Sunday, October 4, 2009

Visualizing Inequality

The previous post raises interesting questions about the nature of inequality and the impact of urbanization. Do, for example, the middle class of wealthy countries have a lifestyle equivalent to the rich in the developing world? And how might that be changing? Inequality is at the heart of sociology's understanding of the world. And, with the economic growth in China and India, many have argued that global income inequality is declining. Not so argues Branko Milanovic, one of the most knowledgeable people about such issues and author of Worlds Apart: Measuring International and Global Inequality and Global Income Inequality: What it Is and why it Matters? (World Economics, Vol. 7, No. 1, January-March 2006) from which this graph is taken.

The figure compares the income distribution within France, Brazil, Sri Lanka, and Rural Indonesia. The graph shows that the poorest 5% of France (the left hand end of the France line) are richer than the top 5% of rural Indonesians (the right hand end of the Indonesia line). Focusing on the left hand side of the figure, we see the poorest 5% of rural Indonesian are richer than the poorest 5% of Brazil. But, focusing on the right hand side, we see that the richest 5% of Brazil are as rich as the top 5% of France. While people frequently note that income inequality has increased within rich countries over the past 30 years, the same trend has occurred to an even greater extent in the BRIC countries.

Turning to urbanization, David Owen's new book Green Metropolis: Why Living Smaller, Living Closer, and Driving Less Are the Keys to Sustainability argues that Manhattan, Hong Kong and large, old European cities are inherently greener than less densely populated places because a higher percentage of their inhabitants walk, bike and use mass transit than drive; they share infrastructure and civic services more efficiently; they live in smaller spaces and use less energy to heat their homes (because those homes tend to share walls); and they’re less likely to accumulate a lot of large, energy-sucking appliances. People in cities use about half as much electricity as people who don’t, Owen reports, and the average New Yorker generates fewer greenhouse gases annually than “residents of any other American city, and less than 30 percent of the national average.”

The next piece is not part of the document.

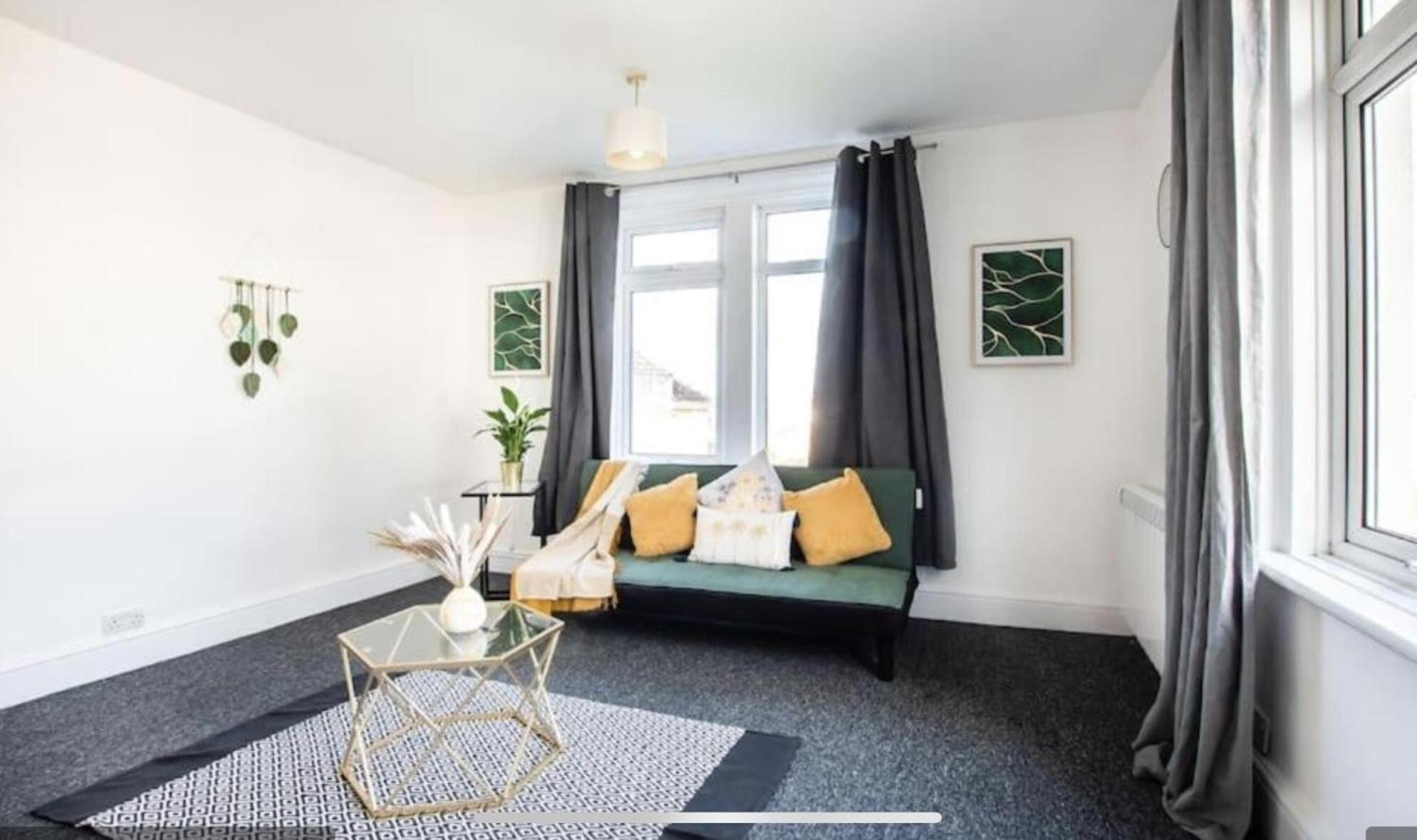 A Cosy 2 Bed Flat In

A complete review of the book is available here.


  1. Thanks for responding to my post, Gary. Satterthwaite's article says the same thing about urban vs. ex-urban living, probably based on the same data. Compact cities that support non-car transport, where people live in shared dwellings, have half the emissions of ex-urban dwellers. Satterthwaite argues that it's not urbanization that causes an increase in emissions, but an increase in consumption. The posted graph shows that: some highly urbanized nations also have fairly low emissions. Likewise, he argues that we have to count in emissions data are not "people", but "consumers."

    However, Satterthwaite also notes that emissions data counts don't include the "stored emissions" in the products we buy. Thus the true emissions rates of the wealthy, as a function of their rate of consumptions, is still hidden data. He says that new models of "stored emissions" in consumer products are now being developed.

  2. Great post Gary, when one looks at the older parts of many cities, houses and buildings are more compact; whereas in suburbs and ex-urbs, there's sprawl with box stores and spread-out cookie-cutter subdivisions.

    Many suburbs too are entirely oriented towards driving -- where busy roads don't even have sidewalks (Kanata, outside Ottawa, comes to mind for me).